WORK ITEM »
When you reach the line in the listing below that contains "Boris Pfeiffer, Oliver", begin returning lines exactly as written, and stop after the line that contains "Bagdad Cafe (2021)". Return no other lines.

SUPPLIED DATA »

◆ ◆ ◆

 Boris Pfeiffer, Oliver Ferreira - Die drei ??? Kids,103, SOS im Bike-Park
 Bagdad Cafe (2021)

◆ ◆ ◆

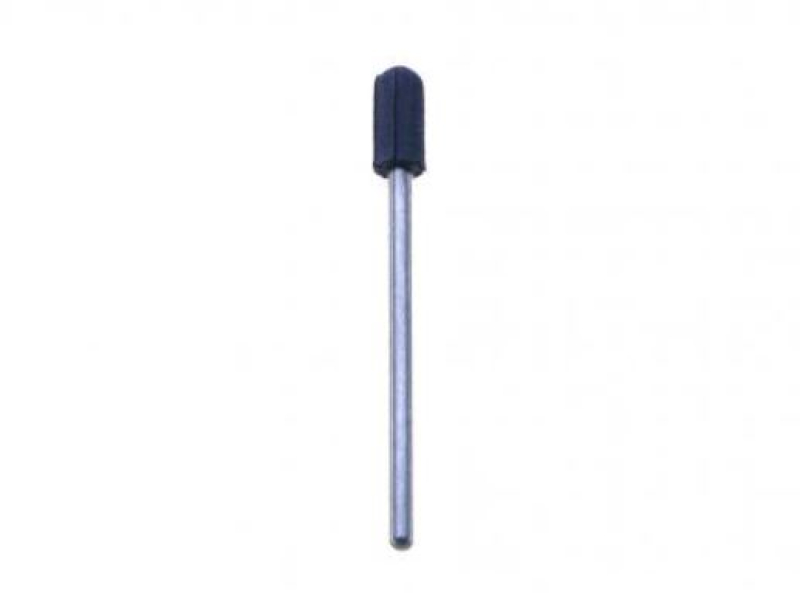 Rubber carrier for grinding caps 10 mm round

◆ ◆ ◆

FINISHED TASK »
 Boris Pfeiffer, Oliver Ferreira - Die drei ??? Kids,103, SOS im Bike-Park
 Bagdad Cafe (2021)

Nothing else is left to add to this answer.